Print exactly the lines from the one that contains "1989 Fleer #368 Nolan Ryan" through the last line of the material, both included, and leave out all pictures.
+++ Source material
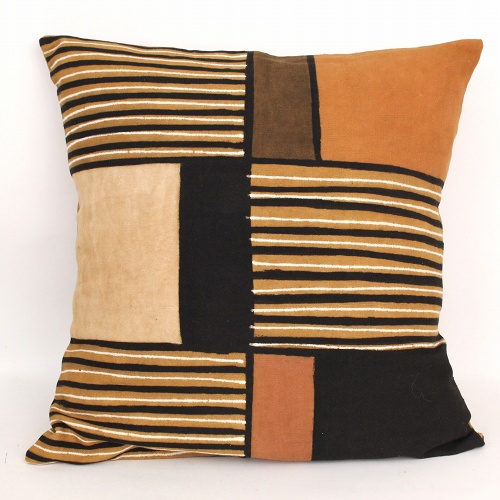 泥染めクッションカバー45x45ガゼル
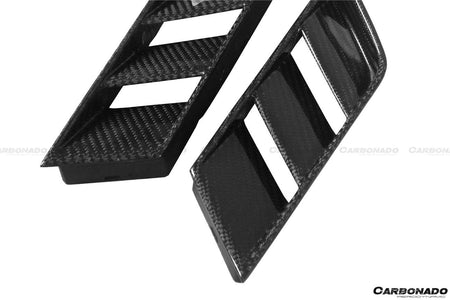 2017-2022 Nissan GTR R35 EBA OEM Style Carbon Fiber Rear Diffuser Side Vents - Carbonado Aero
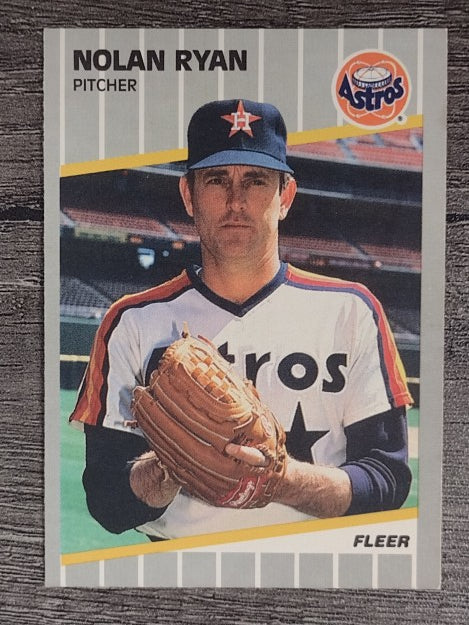 1989 Fleer #368 Nolan Ryan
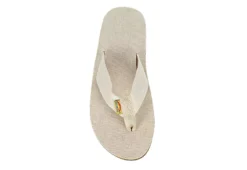 Rainbow Sandals Womens Single Layer Hemp Flip Flop Sandal - Natural -Shoe Sales Store US 01 502449 05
++++++
Your solution:
 1989 Fleer #368 Nolan Ryan
 Rainbow Sandals Womens Single Layer Hemp Flip Flop Sandal - Natural -Shoe Sales Store US 01 502449 05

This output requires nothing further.